The full implementation with documentation can be found in this Github Gist, which is where I'll also post updates, but here's the gist of it:
import java.util.concurrent.atomic.AtomicLong;
public class RateLimiter {
private final static long TOKEN_SIZE = 1_000_000 /* tockins per token */;
private final double tokenRate; // measured in tokens per ms
private final double tockinRate; // measured in tockins per ms
private final long tockinsLimit;
private AtomicLong available;
private AtomicLong lastTimeStamp;
/**
* Create a new rate limiter with the token fill rate specified as
* {@code fill}/{@code interval} and a maximum token pool size of {@code limit}, starting
* with a {@code prefill} amount of tokens ready to be used.
* @param prefill instead of starting with an empty pool, assume we "start from rest" and
* have tokens to consume.
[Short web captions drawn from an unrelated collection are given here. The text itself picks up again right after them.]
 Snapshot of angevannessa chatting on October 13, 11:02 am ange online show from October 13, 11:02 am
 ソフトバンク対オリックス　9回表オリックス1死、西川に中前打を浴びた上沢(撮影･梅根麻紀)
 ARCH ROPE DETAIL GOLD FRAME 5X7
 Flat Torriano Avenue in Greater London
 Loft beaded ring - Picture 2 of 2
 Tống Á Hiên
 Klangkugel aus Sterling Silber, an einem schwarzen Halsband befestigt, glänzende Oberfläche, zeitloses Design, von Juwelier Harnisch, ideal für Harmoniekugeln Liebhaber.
This value is clamped to {@code limit}.
* @param limit The maximum number of tokens in the pool (burst size)
* @param fill How many tokens will be filled in the pool by waiting {@code interval} time
* @param interval How long will it take to get {@code fill} tokens back in the pool in ms
*/
public RateLimiter(int prefill, int limit, int fill, long interval) {
this.tokenRate = (double)fill / interval;
this.tockinsLimit = TOKEN_SIZE * limit;
this.tockinRate = tokenRate * TOKEN_SIZE;
this.lastTimeStamp = new AtomicLong(System.nanoTime());
this.available = new AtomicLong(Math.max(prefill, limit) * TOKEN_SIZE);
}
public boolean allowRequest() {
return whenNextAllowed(1, false) == 0;
}
public boolean allowRequest(int cost) {
return whenNextAllowed(cost, false) == 0;
}
public long whenNextAllowed(boolean alwaysConsume) {
return whenNextAllowed(1, alwaysConsume);
}
/**
* Check when will the next call be allowed, according to the specified rate.
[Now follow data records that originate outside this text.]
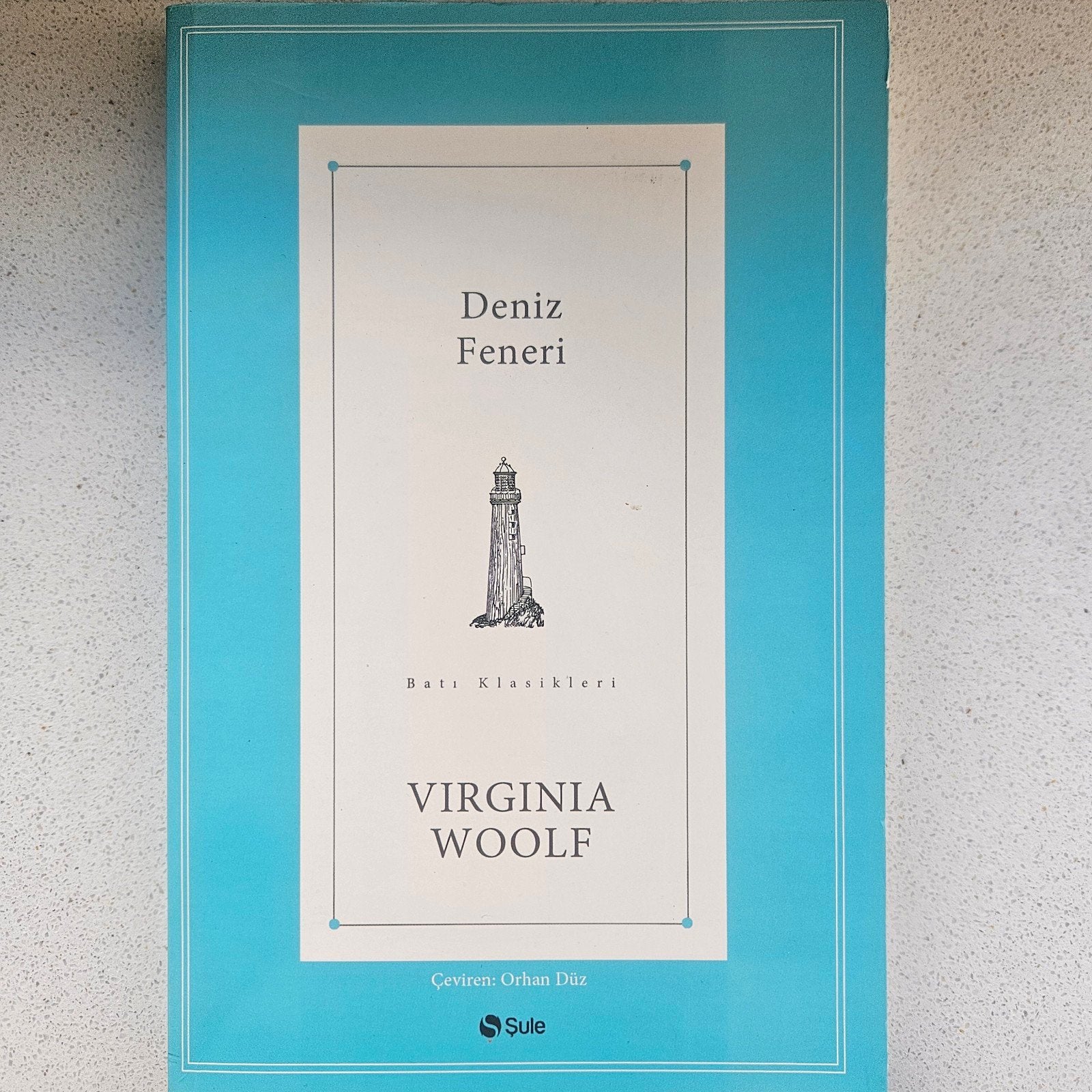 Deniz Feneri; Virginia Woolf, Verzenden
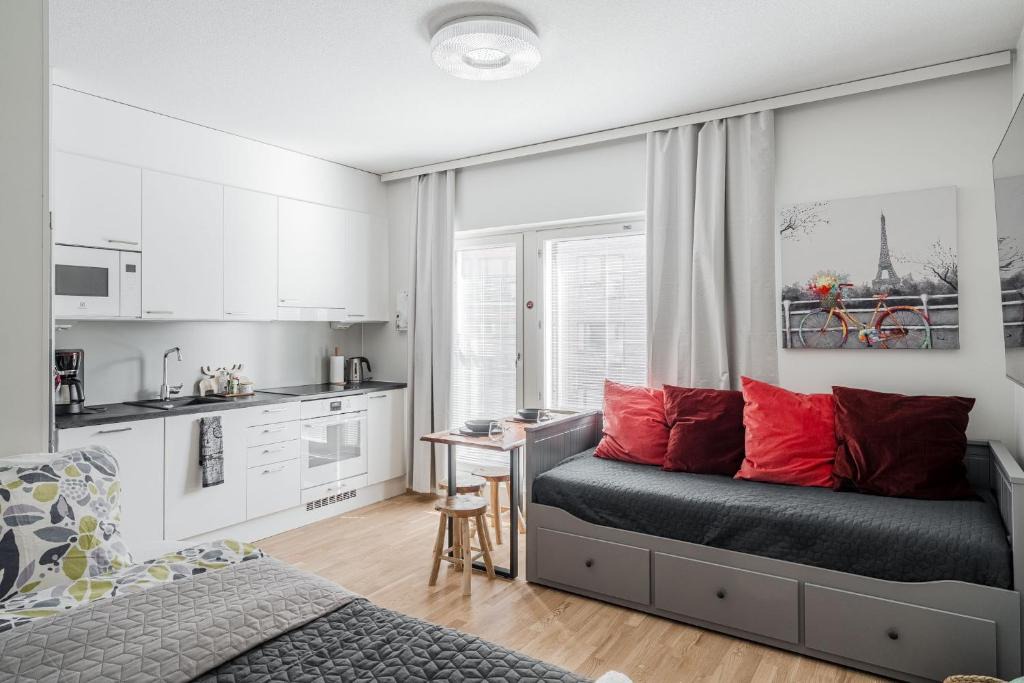 Turku Apartment | 28m2 condo & own parking place indoors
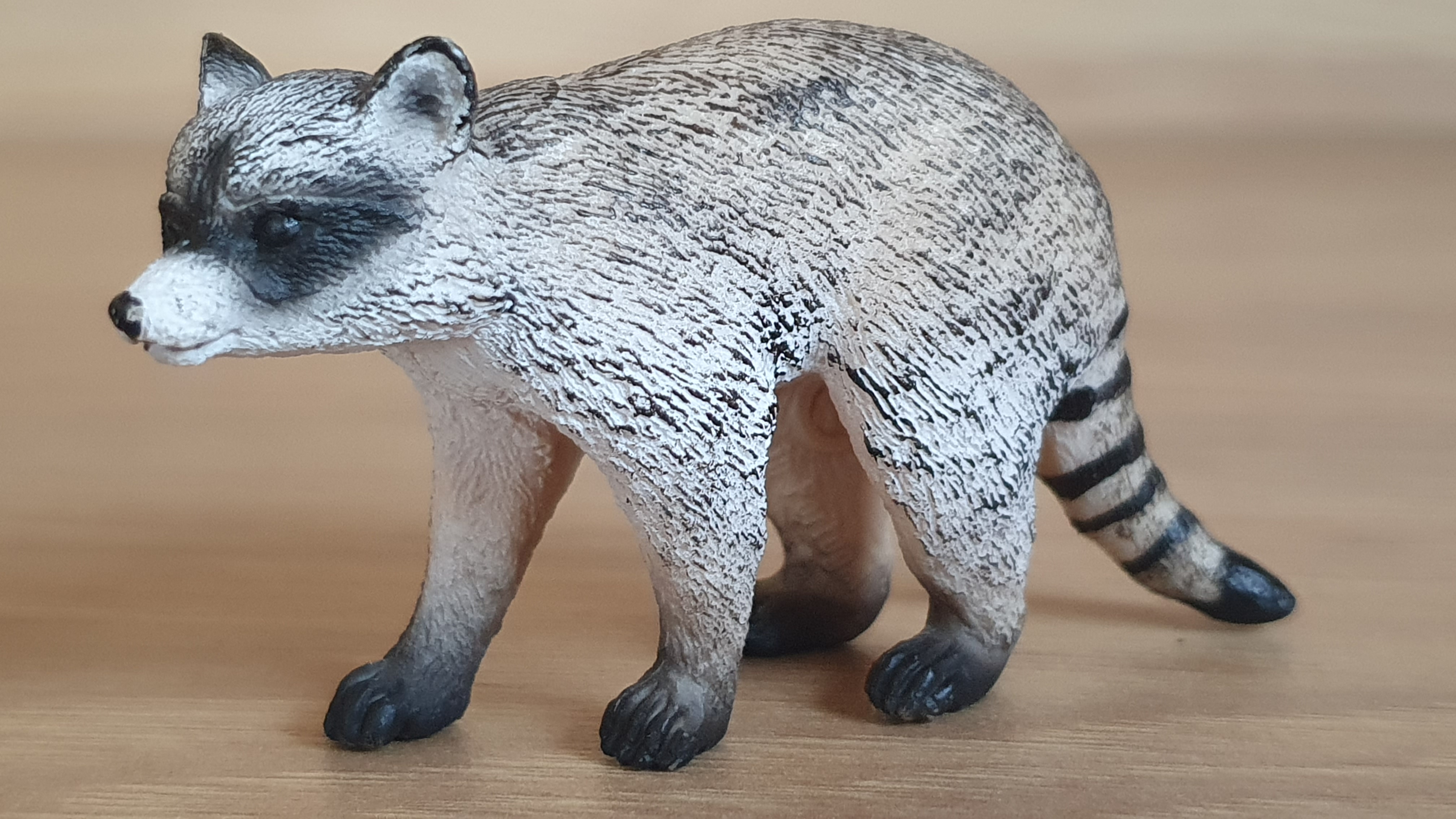 mýval 14828, model 2018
* The value returned is in milliseconds. If the result is 0 - or if {@code alwaysConsume} was
* specified then the RateLimiter has recorded that the call has been allowed.
* @param cost How costly is the requested action. The base rate is 1 token per request,
* but the client can declare a more costly action that consumes more tokens.
* @param alwaysConsume if set to {@code true} this method assumes that the caller will delay
* the action that is rate limited but will perform it without checking again - so it will
* consume the specified number of tokens as if the action has gone through. This means that
* the pool can get into a deficit, which will further delay additional actions.
* @return how many milliseconds before this request should be let through.
*/
public long whenNextAllowed(int cost, boolean alwaysConsume) {
var now = System.nanoTime();
var last = lastTimeStamp.getAndSet(now);
// calculate how many tockins we got since last call
// if the previous call was less than a microsecond ago, we still accumulate at least
// one tockin, which is probably more than we should, but this is too small to matter - right?
var add = (long)Math.ceil(tokenRate * (now - last));
var nowAvailable = available.addAndGet(add);
while (nowAvailable > tockinsLimit) {
available.compareAndSet(nowAvailable, tockinsLimit);
nowAvailable = available.get();
}
// answer the question
var toWait = (long)Math.ceil(Math.max(0, (TOKEN_SIZE - nowAvailable) / tockinRate));
if (alwaysConsume || toWait == 0) // the caller will let the request go through, so consume a token now
available.addAndGet(-TOKEN_SIZE);
return toWait;
}
}